Durante la Edad Moderna, el corregimiento constituye el eje de la maquinaria administrativa territorial de la monarquía y su más firme apoyo en las ciudades. A partir de su incorporación a la corona castellana en 1487, en la capital malagueña se procede a implantar dicha institución, cuya dirección recae en un funcionario de designación exclusivamente real: el corregidor, máxima autoridad de la urbe en su calidad de delegado y representante regio. El amplio abanico de sus atribuciones abarcaba desde la dirección de los asuntos de guerra, la impartición de justicia en primera instancia hasta una casi total competencia en materias fiscales, políticas y administrativas.
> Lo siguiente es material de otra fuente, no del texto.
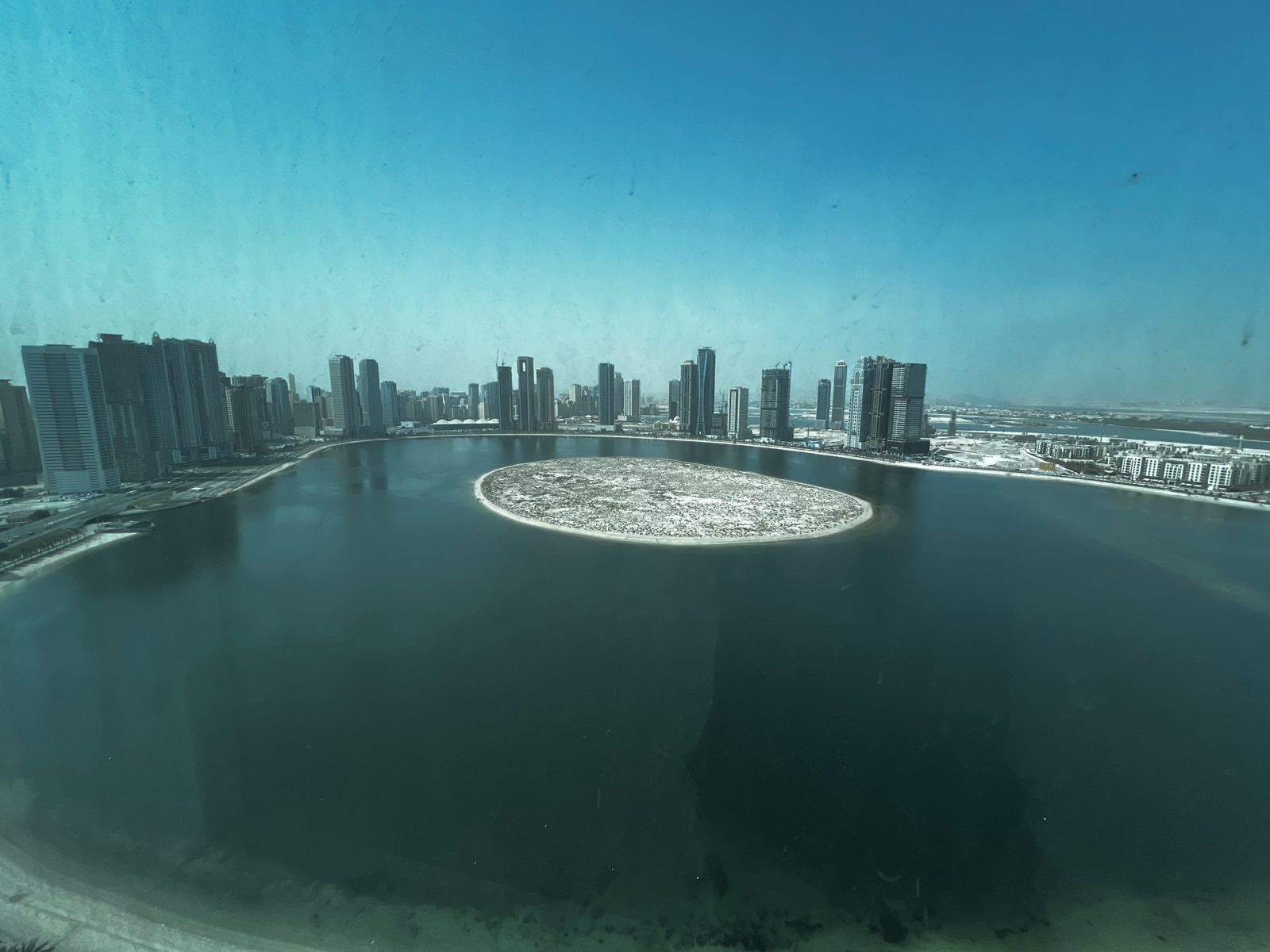 3BR Apartment | Sea View | 4 Baths | Free AC | Parking | Gym & Pool | Maid Room Master | Built-in Wardrobes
La concentración en un solo individuo de tan extensos poderes requería el nombramiento de personas aptas y capaces que, además, ostentasen la imprescindible condición nobiliaria. Su eficacia en el desempeño de tales responsabilidades sustentaba la finalidad de la propia institución: la defensa de los intereses reales y el gobierno de la vida local. En el caso de Málaga, la relevancia estratégica y política de la plaza conminó a priorizar en la elección de sus corregidores la formación y capacidad militares frente a las jurídicas.
A través de estas páginas pretendemos analizar la procedencia social de estos magistrados y sus lazos con el entorno cortesano, así como plantear las circunstancias y avatares más significativos de sus mandatos.